Information provided:

╭──

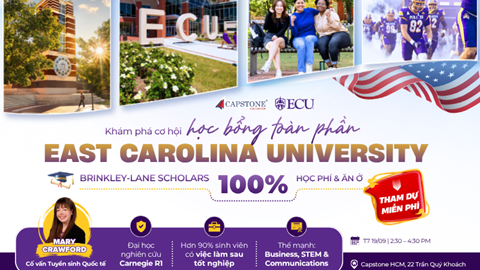 Học bổng toàn phần tại East Carolina University - Đại học nghiên cứu hàng đầu Hoa Kỳ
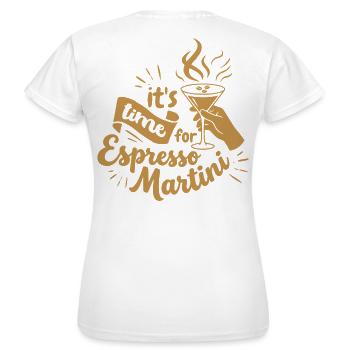 Conception d’un Martini espresso avec détails de lettrage manuel - T-shirt Femme - blanc - Dos - AI Model Female 172 dark (172cm)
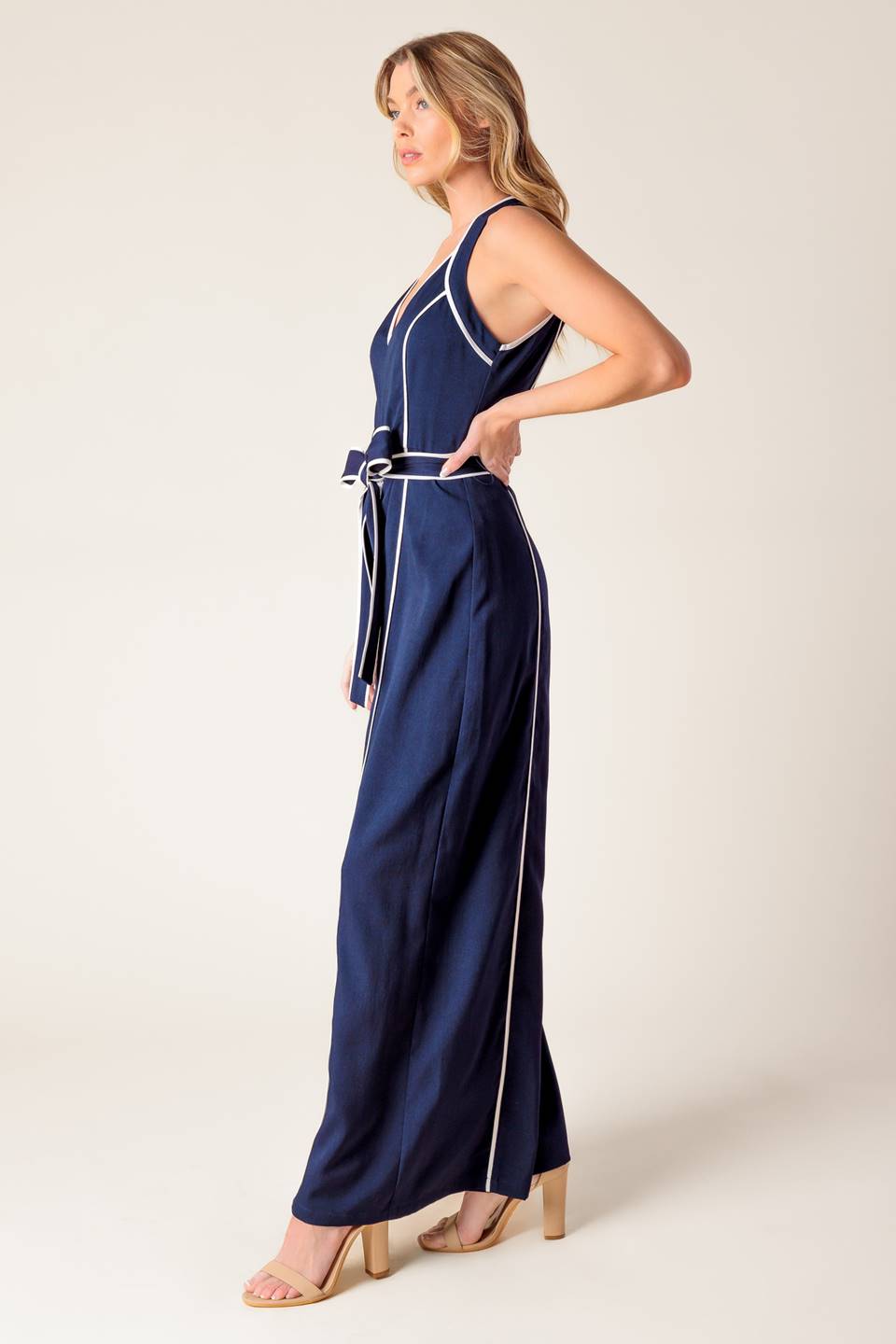 LAYTON NAVY WOVEN MAXI DRESS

╰──

Exercise details: The expected output is the lines from the line that contains "Conception d’un Martini" through the last line of the material, reproduced exactly, with both ends present and pictures absent.

Final answer:
 Conception d’un Martini espresso avec détails de lettrage manuel - T-shirt Femme - blanc - Dos - AI Model Female 172 dark (172cm)
 LAYTON NAVY WOVEN MAXI DRESS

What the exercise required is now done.